(SOURCE DATA begins)

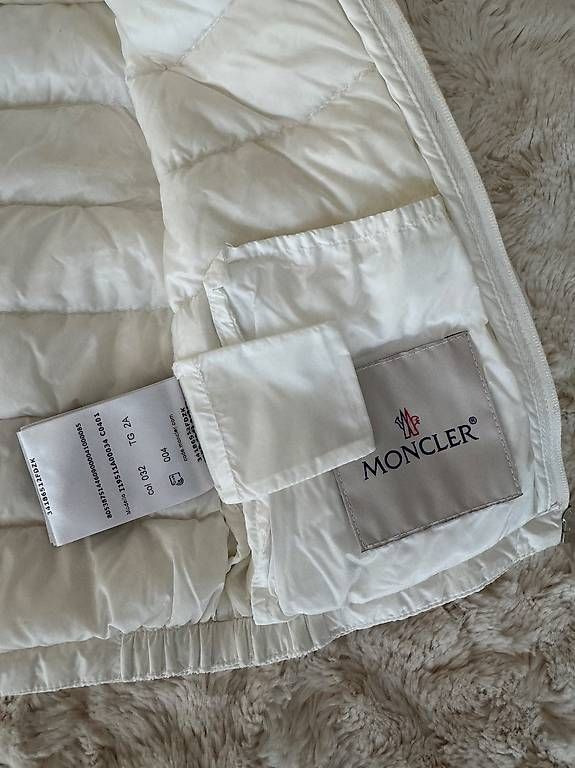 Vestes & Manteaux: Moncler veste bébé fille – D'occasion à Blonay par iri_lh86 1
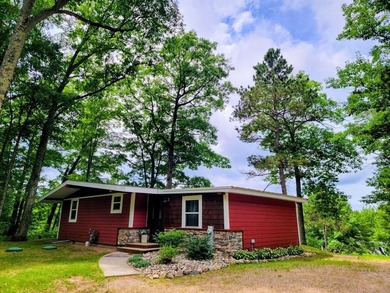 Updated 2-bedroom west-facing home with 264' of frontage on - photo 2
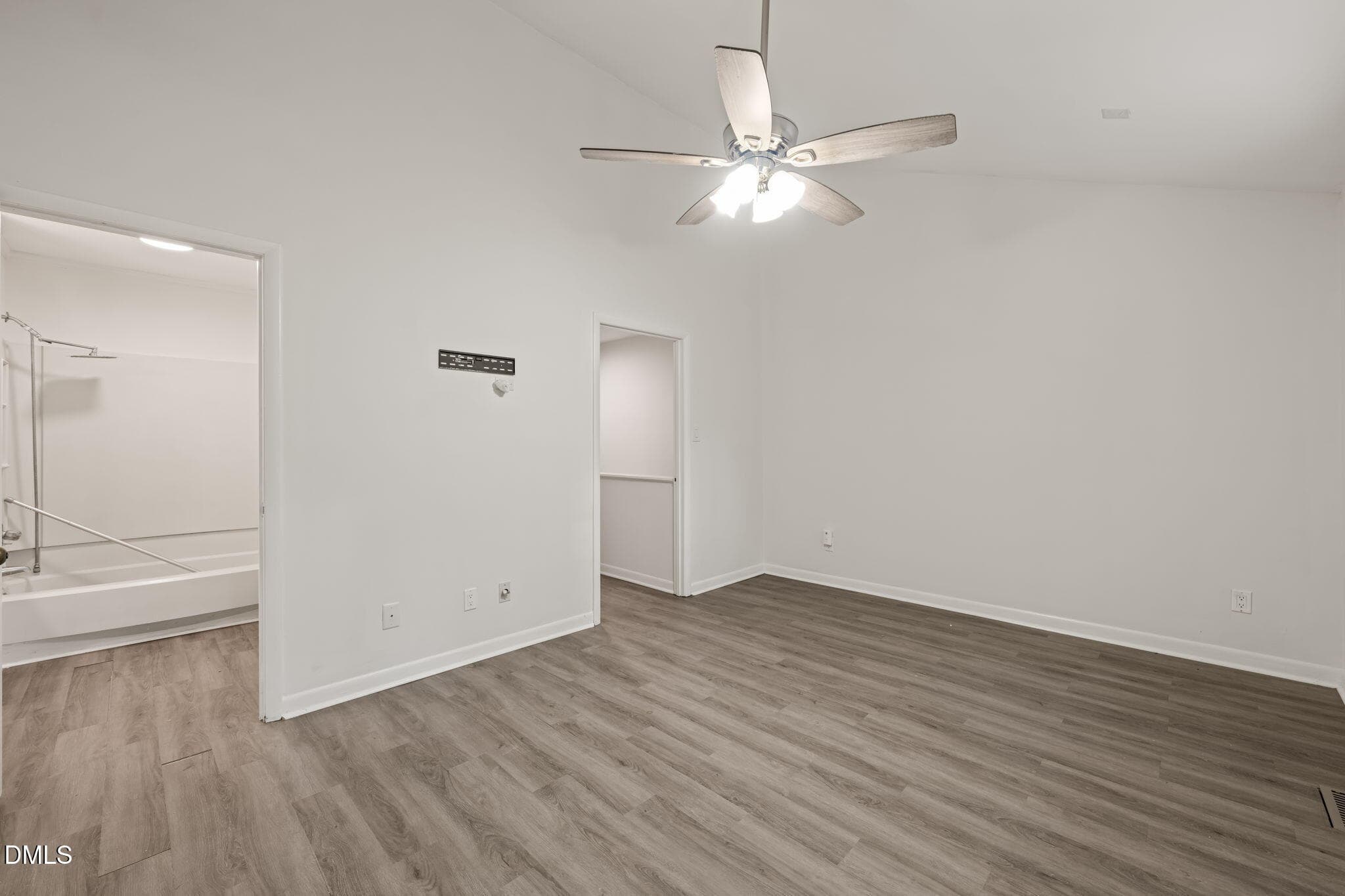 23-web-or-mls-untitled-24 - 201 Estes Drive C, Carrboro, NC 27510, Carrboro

(SOURCE DATA ends)

▸ **ASSIGNED TASK**:
The required output is an exact copy of the lines from the one with "Updated 2-bedroom west-facing" through the final line of the data above, with pictures removed.

▸ **SOLUTION**:
 Updated 2-bedroom west-facing home with 264' of frontage on - photo 2
 23-web-or-mls-untitled-24 - 201 Estes Drive C, Carrboro, NC 27510, Carrboro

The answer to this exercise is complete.